- Genre: Romance Drama
- Based on: Zard Mausam by Rahat Jabeen
- Written by: Rahat Jabeen
- Directed by: Aabis Raza
- Starring: Sania Saeed; Faisal Rehman; Ayeza Khan; Sajida Syed; Mohib Mirza; Ubaida Ansari; Jahanara Hai;
- Theme music composer: shabl
- Opening theme: Zard Mausam Lyrics Nadeem Asad; Singer Rajab All Khan;
- Country of origin: Pakistan
- Original language: Urdu

Production
- Producer: Momina Duraid
- Cinematography: Shahzad Kashmiri
- Editors: Safeer Jaffri Afzal Fayyaz

Original release
- Network: Hum TV
- Release: 3 May – 11 October 2012

= Zard Mausam =

Pakastani TV series (2012)

Zard Mausam is a Pakistani drama serial directed by Aabis Raza, based on the Urdu novel Zard Mausam written by Rahat Jabeen and produced by Momina Duraid. It began airing from 3 May 2012 on Hum TV. Zard Mausam is the story of an arrogant girl, Aiman, whose life changes after her mother's death.

It aired in India on Zindagi, titled as Suno ik Kahani Badi Purani.

== Plot ==

After her mother's death, Aiman is mistreated by her stepmother, and even a reunion with her grandfather does not bring her the happiness she had hoped for.

Aiman is engaged to Affan, but she falls in love with her cousin, Tahir Mehmood. Her father gets her married to his junior colleague Tariq. She continues loving Tahir who is interested only in her wealth. There is another kind person in the story called Shahmir, he saves Aiman from Tahir. On learning the truth Aiman decides to tell her husband about Tahir. She does tell him upon which he divorces her.

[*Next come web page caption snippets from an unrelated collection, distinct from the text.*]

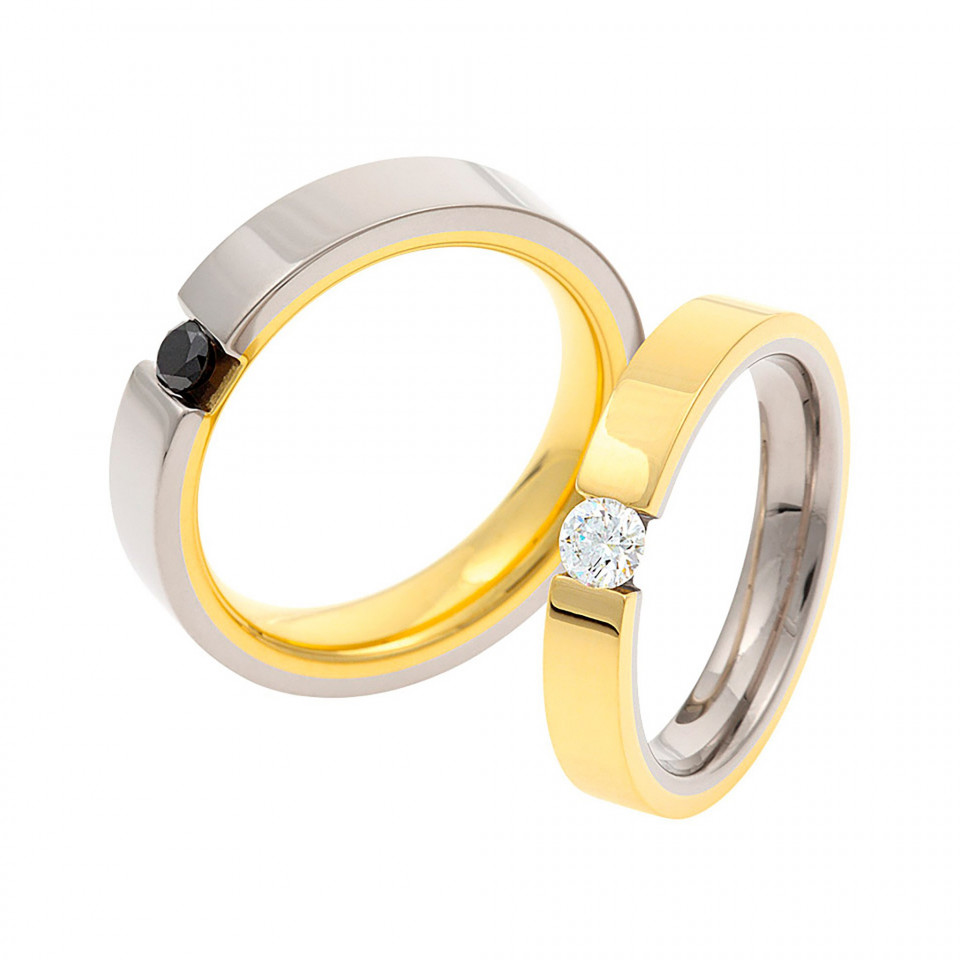 twee gele en witgouden trouwringen met een diamant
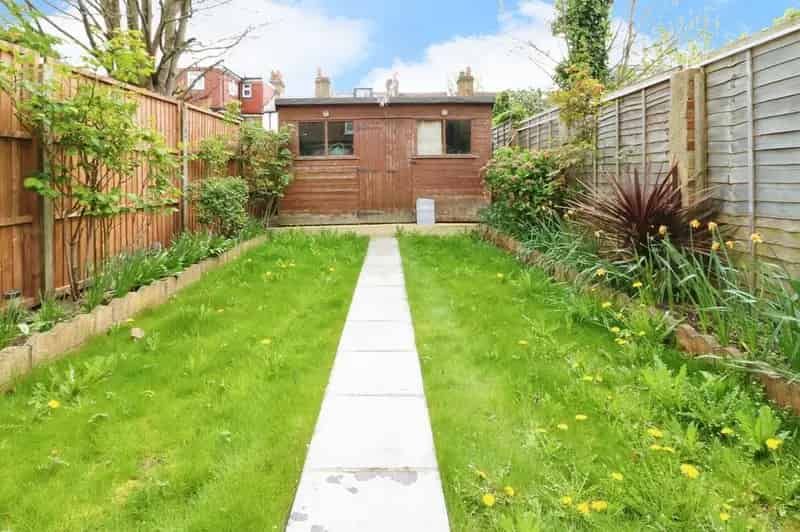 5 Bedroom Mid Terrace House for Sale London E10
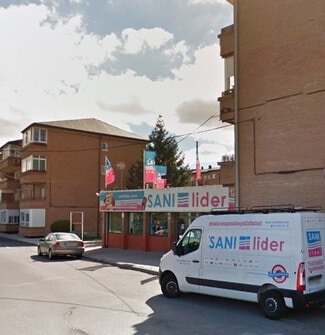 Plus de détails pour Multi-résidentiel à vendre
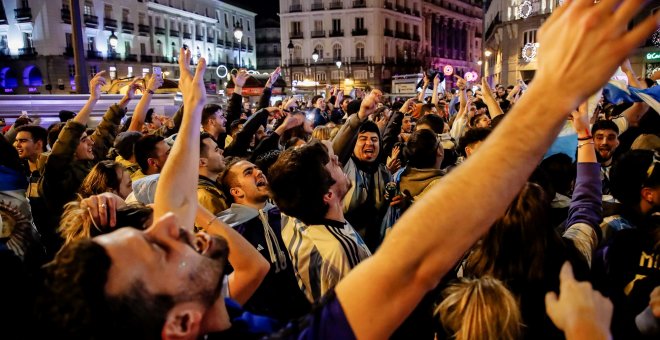 Cargas policiales y tres detenidos en la celebración de los aficionados argentinos en la Puerta del Sol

In the end, Aiman has her second marriage with Shahmir.

== Cast ==
- Sania Saeed as Mehrunnisa "Mehru"
- Faisal Rehman as Waqar ul Hasan
- Ayesha Khan as Mehru's mother
- Mohib Mirza as Tahir Mehmood
- Ayeza Khan as Aiman
- Yasir Shoro as Babar
- Maheen Rizvi as Momal "Momo"
- Anum Fayyaz as Birjees "Jojo"
- Jahanara Hai as Waqar's mother
- Ubaida Ansari as Khadija Bi
- Amir Qureshi as Tariq
- Arisha Razi as Momo (young)
- Agha Shairaz as Ateeq
- Manzoor Qureshi as Aiman's grandfather
- Hassan Ahmed as Shahmir

==Production==

=== Casting ===
Faysal Quraishi was first approached to play the role of Waqar ul Hasan, but after his rejection Faisal Rehman played the role. Sania Saeed was selected to portray Mehrunnisa, marking her second appearance with Rehman as a couple after Khamoshiyaan (2009).

== Reception ==

A reviewer from Dawn added it among the best serials of 2012, and praised Saeed's performance. while reviewing it, TV Kahani praised Saeed's performance and direction, but criticized the writing and slow pace of the series.